In June 2024, after more than two decades, Tsoukernik sold King's Casino and exited the gambling industry.

===Poker===
Tsoukernik regularly participates in global high-roller tournaments and high stakes cash games. His results included a victory at the 2016 EPT Super High Roller tournament in Prague, winning €741,100 and a 4th-place finish in the 2017 Super High Roller Bowl tournament in Las Vegas, winning $1.8 million. Tsoukernik also won the European Masters Series of Pot Limit Omaha, Rozvadov in 2014, winning €27,442 and he came 3rd at the same series event in 2014 winning €13,340 and 2nd at the CAPT Innsbruck 2011, winning €33,020. He won the €100,000 Short Deck, winning €1,102,000 during the 2019 WSOP Europe, defeating Phil Ivey in Heads-up.

In 2016 and 2017, poker players Elton Tsang and Matt Kirk accused Tsoukernik of refusing to pay gambling debts. In the spring of 2018 Leon Tsoukernik participated in one of the biggest cash games in Montreal, Canada, winning a record pot against Matt Kirk. The two have not been on good terms recently, but apparently their differences have been settled, and Leon and Matt are friends again.

Tsoukernik played on partypoker LIVE’s streams multiple times, where he plays under the screen name “KingsOfLeon”.

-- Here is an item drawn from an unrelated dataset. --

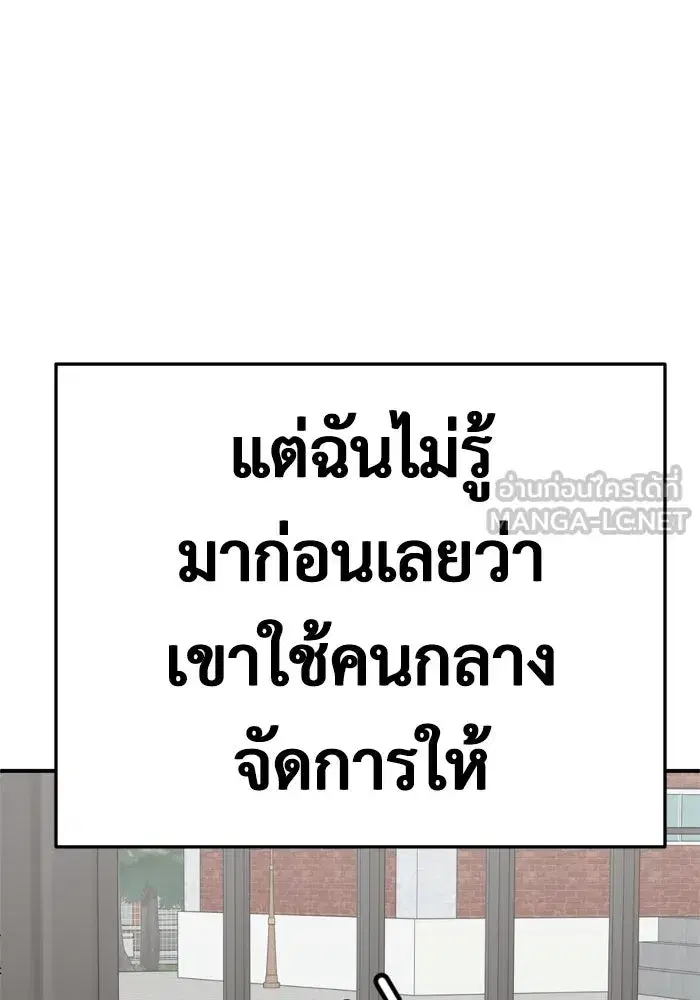 หน้า 15 จาก 187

As of November 2020, Tsoukernik has won $4.936 million in live tournament earnings, over the course of 8 years.

===Personal life===
He has two children, son Leonel and a daughter Isabelle. He loves art, poker, helicopters and classical music.

=== Religion and philanthropy ===
Leon Tsoukernik professes Judaism. In 2023, he bought a plot of land in Marienbad on which stood a synagogue from 1884 to 1938, which was set on fire and completely destroyed by the Nazis during Kristallnacht on 9–10 November 1938. Tsoukernik plans to build a new modern synagogue on the site, for which he has chosen the architect Moshe Safdie.